A bit of advice...don't buy a log cabin! Especially as a second home if you won't be around to take care of it regularly. My grandfather, who built the cabin, thought it was going to be maintenence free. HA! I think it's been more demanding than a traditional brick/vinyl siding home.
The log cabin in the 1980's with original finish
The biggest problem initially was insect damage. At the time the cabin was built, it was common practice to leave the logs in the lumberyard with the bark on, which encouraged beetle infestation. Once the logs reached the building site, they were already contaminated with beetle larvae.

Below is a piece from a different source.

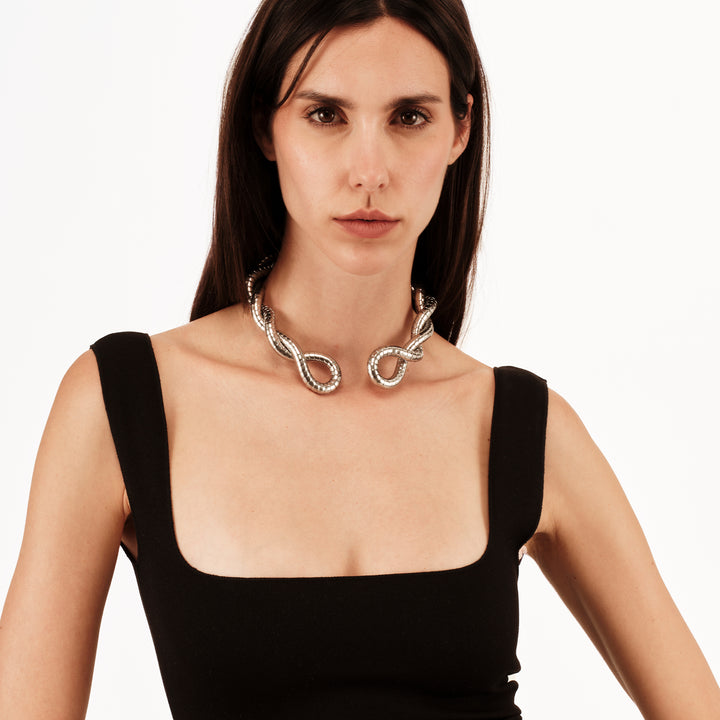 Breil Reloaded Snake steel choker necklace TJ3921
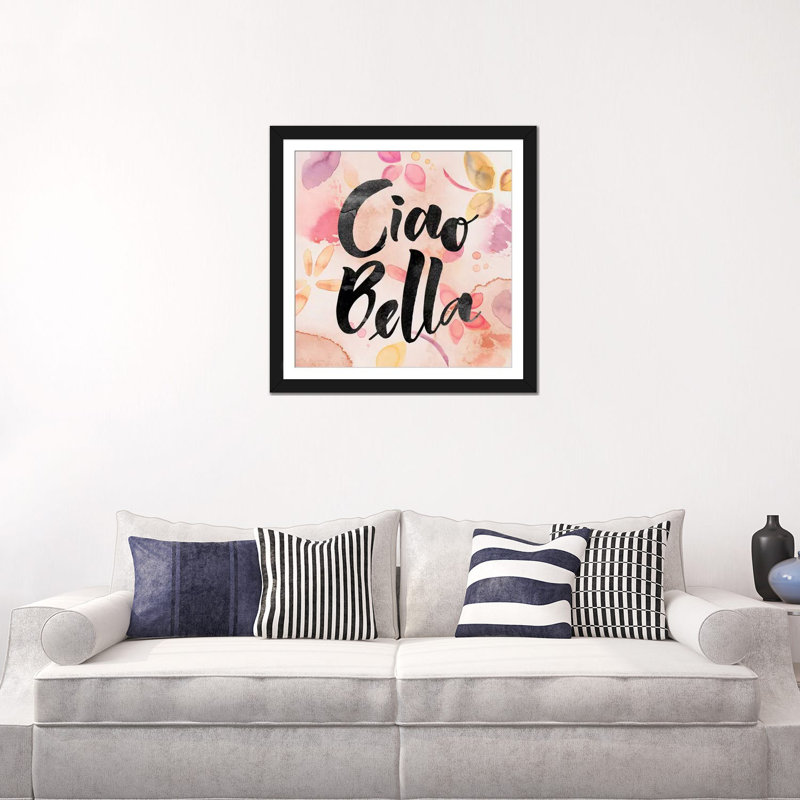 «Ciao Bella», art textuel sur toile, H 16 po x l 16 po x P 1 po, Papier d'art encadré noir, Blanc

After 10 years or so insect holes started appearing in the logs. My grandfather was (poorly)advised to paint the logs to keep the insects out. However, the insects were already in so painting it wasn't going to prevent anything. Additionally, the paint has inhibited the logs' ability to "breathe" and has contributed to moisture problems inside the house.
Insect damage to the logs
My grandfather has since passed on and my parents now own the cabin, but my husband and I are the primary caretakers. Recently I noticed it seemed the insect damage was getting worse and I called out a log repair specialist. He found several rotten logs and told us the paint really needed to come off, which was fine by me since I always disliked the paint and wished the cabin could have stayed its natural wood color.
The red house with new replacement logs
So, all that to say, much money later...the cabin is back to its true color, the rotten logs have been replaced, and the holes are sealed up. Now all we have to do is apply clearcoat to the entire cabin every 3-4 years! Geesh! What a job that will be!
Tah-dah! The paint is almost all gone! Yippee!